La mano de él llegó donde el vértigo es placentero, y se dejó impregnar por la humedad que asiente. Ella abrió aún más las piernas. Él quiso indagar más de cerca lo que estaba ocurriendo, así que se bajó de la cama, se arrodilló en el piso, y dejó que su lengua fuera abriendo paso entre los muslos en una aventura que buscaba llegar al origen de todo. Ella tenía que colgar, las palabras salían torpes y sin sentido:

-Bueno, me tengo que.. me … tengo… que ir… No, no me pasa nada. Es que tengo que ir a buscar a Alberto al aeropuerto… Es que esto de ser la esposa de un piloto no es fácil.

Él ya no escuchaba nada, se embriagaba con el sabor, la humedad, la calidez del refugio que había hallado. Lamía, bebía, chupaba, manteniendo el mismo ritmo que las caderas de ella le exigían.

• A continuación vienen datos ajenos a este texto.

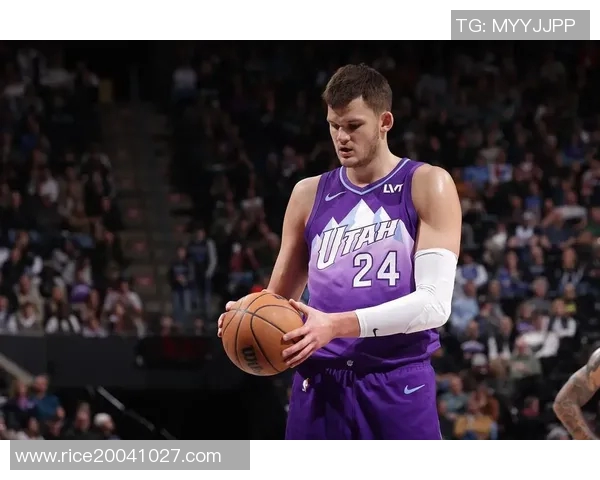 沃克凯斯勒展现潜力成NBA新星引发球迷热议与期待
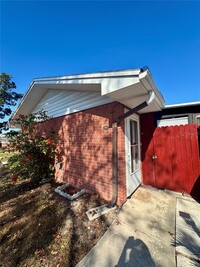 Building Photo - 336 San Miguel St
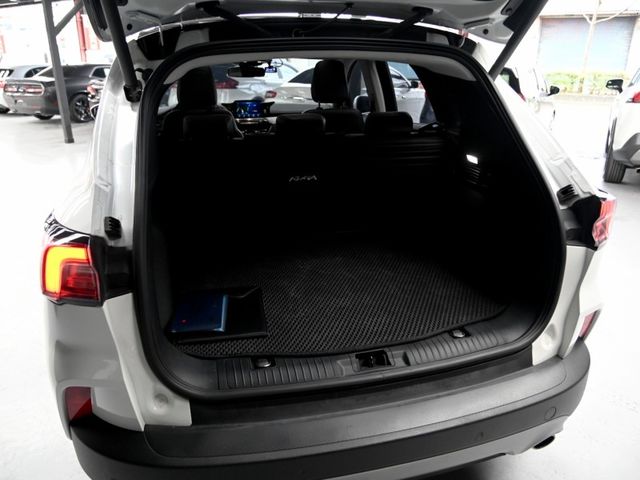 Ford/福特 Kuga  第9張相片
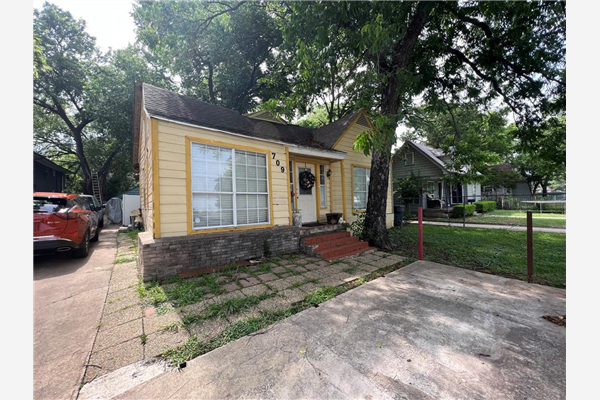 709 Elsbeth Street, Dallas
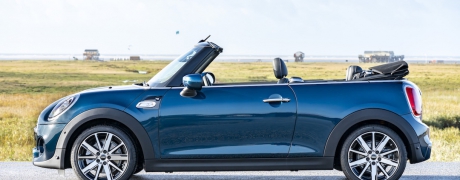 MINI Cooper S Cabrio Sidewalk é puro carisma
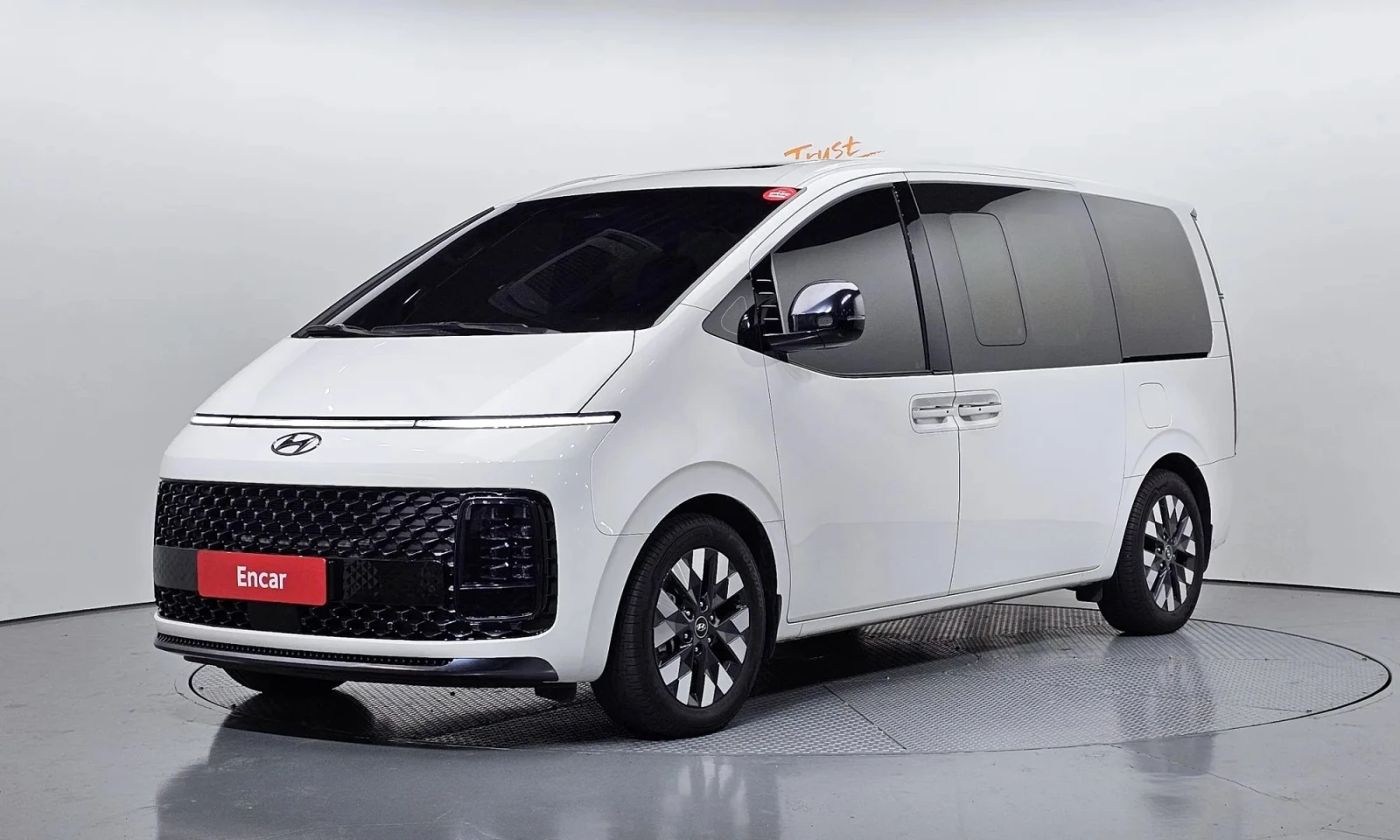 Hyundai Staria  L3.5 Lounge 7-Seater Mobility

-Ok… A ver cuándo nos vemos… Chao

Al fin colgó el teléfono y dejó escapar un suspiro de placer que antecedió a muchos otros. Gimió y gritó para recuperar todo lo que había disimulado mientras hablaba. Ella se dejó llevar hasta donde su lengua quiso llevarla. En ese lugar, en medio de estremecimientos, sintió que todo se desdibujaba y solo quedaba ese punto en el que el placer se concentra. Poco a pocó retornó a un cuerpo más suave, más libre, más liviano que el que tenía al empezar la noche. Quedaron abrazados por un rato. Las manos y piernas se entrelazaban entre ansiosos movimientos que buscaban abarcar a la persona deseada. En cada beso ella sentía la prueba de que los labios de él habían llegado a una frontera que siempre le sería desconocida.

Poco a poco el cuarto volvió a materializarse; la cama mojada, la lámpara encendida, los cuadros. La realidad volvía a rodearlos.

-¿Quién era? –preguntó él
-Tu mujer –respondió ella con una leve sonrisa
-¿Qué quería? –dijo él sin inmutarse
-Ya no está tan segura de tus infidelidades y va a perdonarte. Yo la conozco bien, te dije que invitarla a Aruba iba a resultar.